Quiz Answer: The eight questions are, in order: closed, closed, open, open, closed, open, closed, open.

#2. Improving your communication powers is easier than you expect.

However, this transformation does require moving to conscious, deliberate expression in every medium.

As suggested throughout “What’s Your Point?,” this involves shifting to focused, strategic communication where results matter every time. In all cases, the more you know about your target and about your goals in talking to or emailing them, the more effective the interview and the more useful the results.
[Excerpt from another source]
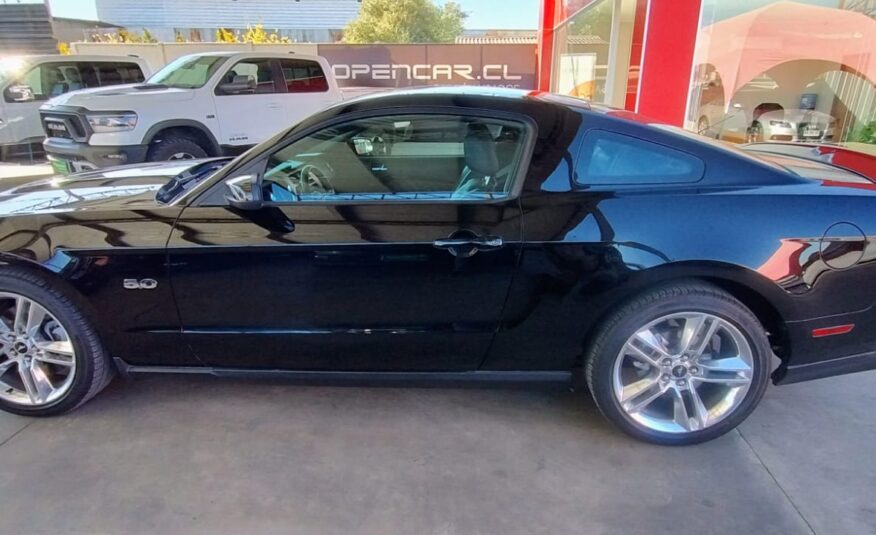 Ford – MUSTANG 5.0 – 2011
Professional advisors and persuaders have many communication tools at their disposal. They just may not realize this without training. One of the most powerful information-gathering techniques—interviewing—involves the selective use of closed and open strategic questions. Combined with listening loudly—active, respectful, engaging attentiveness—communication gets supercharged.

Do you find that there can be a lot of talking or emailing when you communicate, but not many decisions that people stick to? Your failing as an interviewer may be the weak link.

Can you automatically and seamlessly switch from open to closed questions as required? If not, you may benefit from training and practice to be a fully-professional interviewer and an effective facilitator.

#3. Strategic Question Review

(1) Closed questions elicit yes, no, or one-word “just the facts” responses.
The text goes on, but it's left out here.